Sankovskaya insiste para que Manokhina atente para a sua intuição, que não amasse a túnica carmesim por acidente nem pisasse antes da hora no alçapão que a levará ao inferno. Isso poria tudo a perder. Se não houver ensaio final, Manokhina deve ao menos repetir a sua parte nos bastidores com o parceiro, Dmitri Kuznetsov. No último ensaio a que assistira, Sankovskaya havia reparado que ele e outros bailarinos não conheciam a música e dançavam rápido demais. Como Manokhina tinha o papel principal, seria apontada como culpada se a ação terminasse mais cedo do que o previsto. Quanto à cena em que ela queima o laço, e o sofrimento de Satanilla ao entender que o conde ama outra, ela foi meticulosa:
‘Comece a chorar ao ouvir a entrada, e não antes, e após quatro compassos solte as mãos dele. Acenda o papel na segunda vez sem dar as costas para a mesa. Vire a cabeça para Kuznetsov. Atire o papel no tremolo. Aponte para ele na entrada e diga que vai morrer, mas faça-o silenciosamente, debilmente. Ontem o papel queimou bem. Se a queima for demasiadamente lenta em sua mão, atire-o no chão; se queimar muito rapidamente, alce-o.’
No início da carta, Sankovskaya diz a Manokhina que se sentia fraca demais para tomar um coche até o Bolshoi para assistir à apresentação e, devido à sua condição física, já não podia demonstrar os passos de Satanilla tal e como os recordava. Passou a tocha a Manokhina do mesmo modo que, em 1836, Félicité Hullen havia feito com ela — de um modo profissional, desapaixonado. ‘Não sei se entenderá o que escrevi, mas tente se lembrar de que você não se apresentará como uma estudante; tenha mais confiança em si mesma e, principalmente, ouça a sua música e tudo ficará bem. Os bailarinos são todos muito bons, mas não se decepcione se não forem o que você espera. Sugiro-lhe parabenizar Gerber no final, pois ele seguirá sendo o regente, embora não seja muito bom. Que Deus esteja com você.’

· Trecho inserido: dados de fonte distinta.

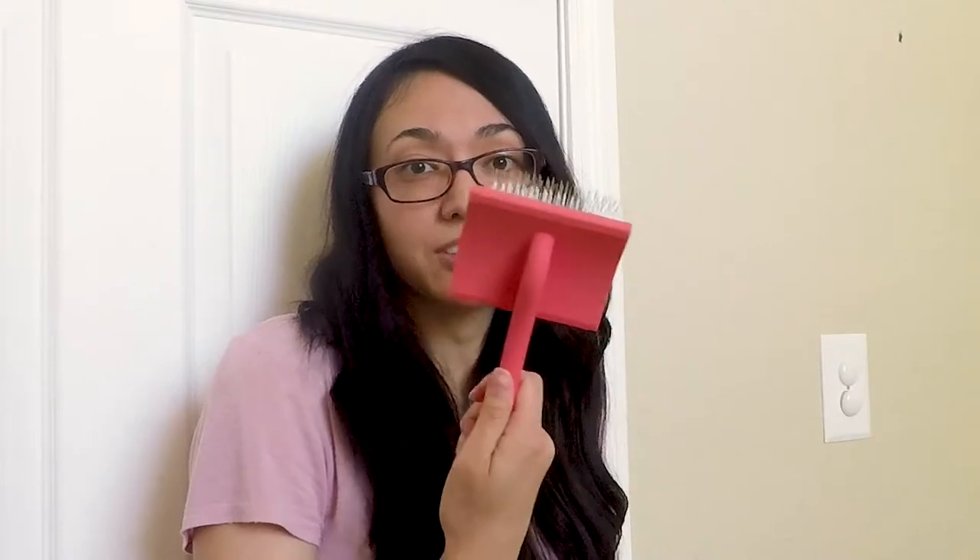As a lurker in various online doodle forums, I've seen a lot of good info. Every once in a while someone will ask, hey, what's the best brush for golden doodles? And there's always this one particular brush that people recommend — a certain coral colored slicker brush by Chris Christensen.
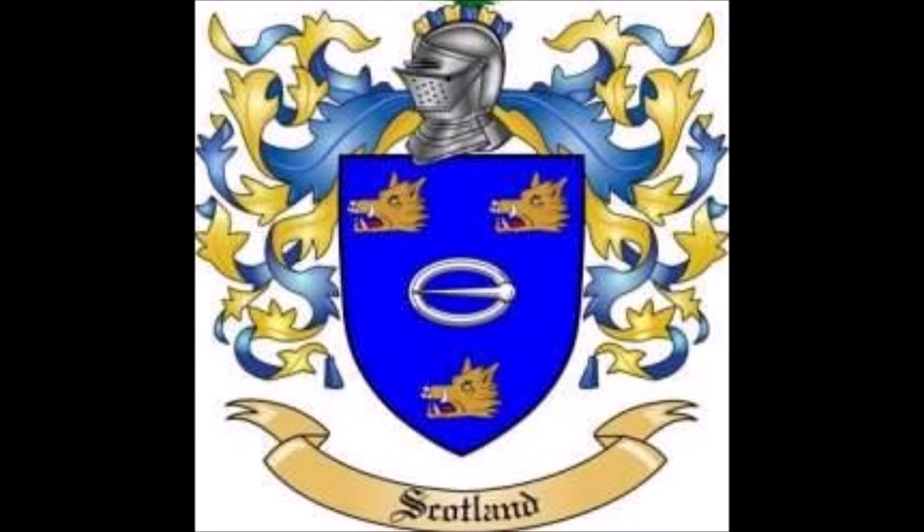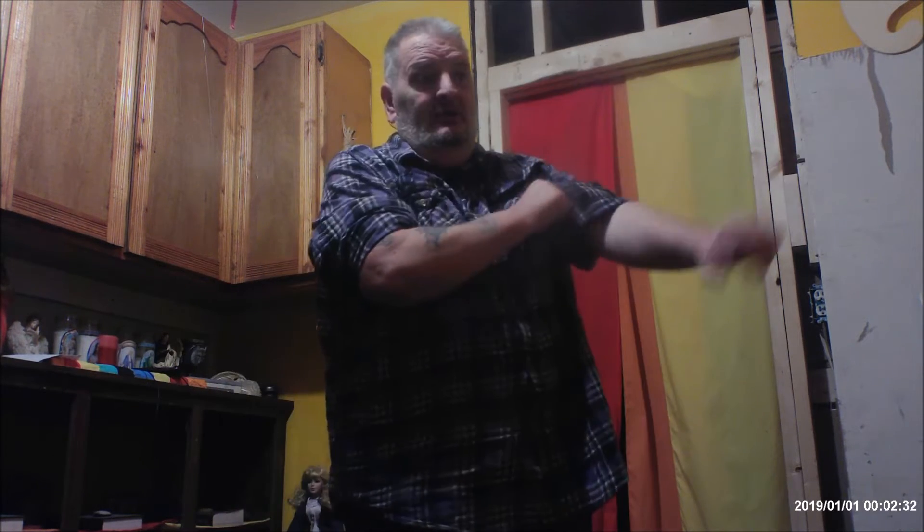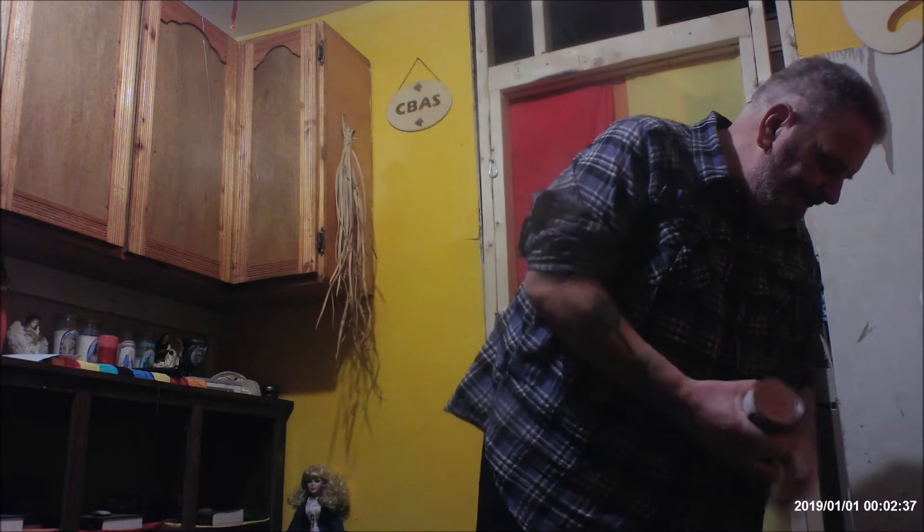Hey everybody, Soup Can Boogie set number one starting now. Welcome to Soup Can Boogie set one. My legs and my hips are really killing me today. I got my morning exercise done. I really don't want to be doing this but I have to. I'm gonna do my best and put my effort in. I'm really really sorry but we're gonna try anyway.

Na medida em que, de algum modo, a maior parte dos balés tende a ser sobre o balé, Satanilla pode ser considerado uma parábola sobre as barganhas com o diabo e os sacrifícios que os bailarinos precisam fazer. Para ter êxito na arte, Sankovskaya advertiu Manokhina de que ela precisava ‘se esquecer de tudo’, perder-se na descrição de uma personagem que deseja escapar dos laços do submundo e ascender à luz com a ajuda do grampo nas costas de seu corpete.”